DSÖ, 25 yılın ardından Gazze’de 10 aylık bir çocuğun bir bacağının, virüs nedeniyle felç kaldığını tespit etmişti. Bu vaka, enfeksiyon kapmış ancak semptom göstermeyen yüzlerce çocuğun daha olabileceği anlamına geliyor.
Rehinelerin ölümü İsrail’i karıştırdı
İsrail’in, Gazze Şeridi’ndeki bir tünelde 6 rehinenin cansız bedenine ulaşıldığını açıklaması ülkeyi karıştırdı. Rehine aileleri sokaklara çıkarken, ölümlerden Başbakan Binyamin Netanyahu’yu suçladı.

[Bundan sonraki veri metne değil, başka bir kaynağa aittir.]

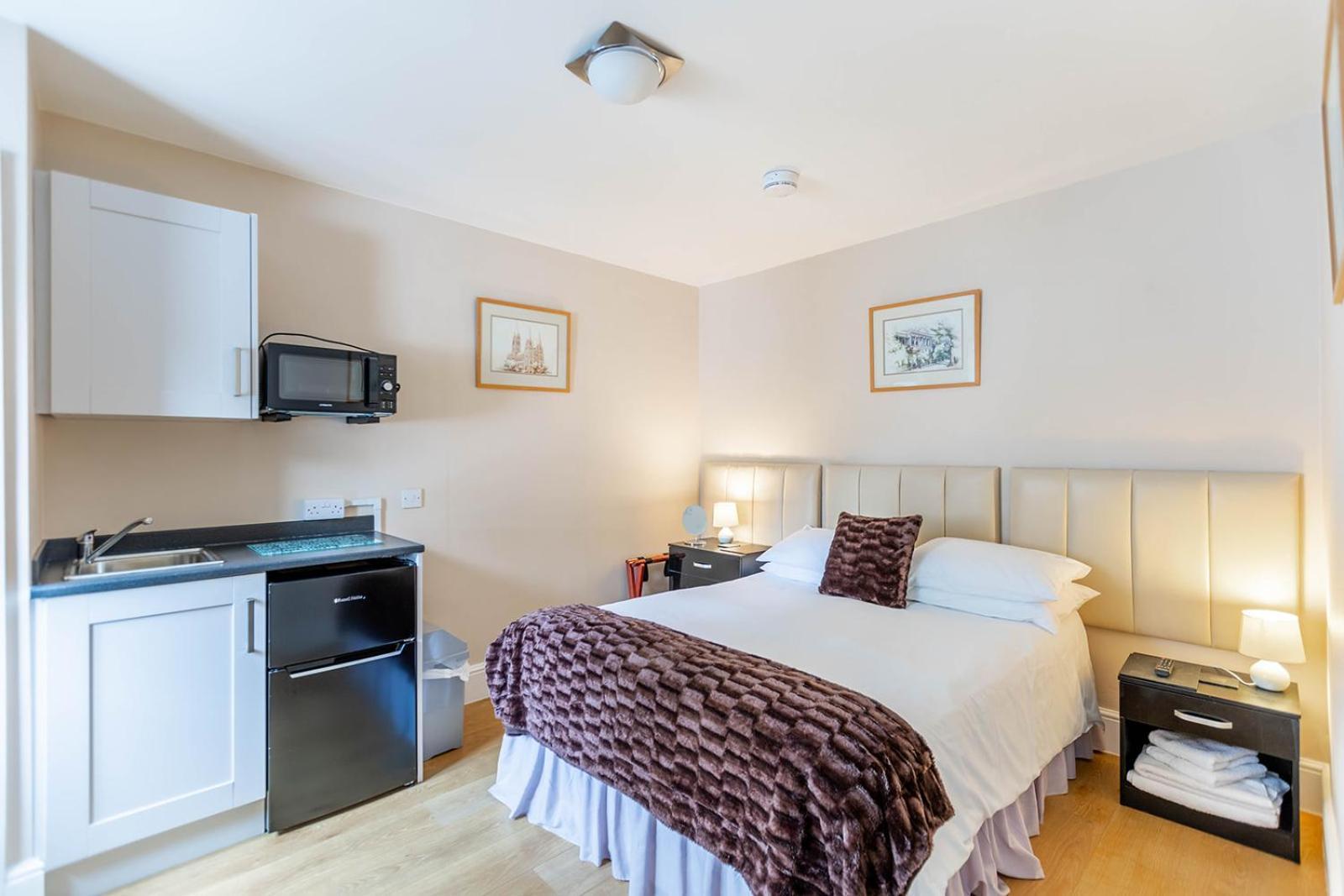 Windermere Studio Rooms - With Free Car Parking Onsite Exterior photo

Esir yakınlarının hükümete yönelik baskıları sürerken, İsrail Savunma Kuvvetleri (IDF) 7 Ekim’den bu yana Gazze Şeridi’nde tutulan 6 rehinenin cansız bedenine ulaşıldığını duyurdu. IDF Sözcüsü Daniel Hagari, Refah kentinde çatışmalar sırasında Carmel Gat, İsrail-ABD vatandaşı Hersh Goldberg-Polin, Eden Yerushalmi, Alexander Lobanov, Almog Sarusi ve Ori Danino’nun cansız bedenlerinin bir tünelde bulunduğunu söyledi. Hagari, ilk tahminlere göre esirlerin bulunmalarından kısa süre önce öldürüldüğünü öne sürdü. Hamas ise, söz konusu rehinelerin İsrail ateşi sonucu öldürüldüğünü savundu.
‘Kimseyi suçlama!’
Bu arada söz konusu 6 rehinenin öldüğü haberi, ülkeyi ayağa kaldırdı. Nitekim rehinelerin aileleri başta olmak üzere kamuoyu, Başbakan Netanyahu’yu rehinelerin iadesi konusunda Hamas’la anlaşma sağlayamadığı ve onları ölüme terk ettiği için kıyasıya eleştiriyordu. İsrailli esirlerin yakınları, haberin duyulmasının ardından gösteriler düzenlerken, en güçlü sendikalardan biri olan “Histadrut”, bugün ülke çapında genel grev çağrısı yaptı. Sendika Başkanı, rehinelerin ölmesine izin verilmemesi gerektiğini söylerken, kurtarılmaları için bir anlaşma yapılması gerektiğini belirtti. Grevden, Ben Gurion havaalanı da etkilenecek.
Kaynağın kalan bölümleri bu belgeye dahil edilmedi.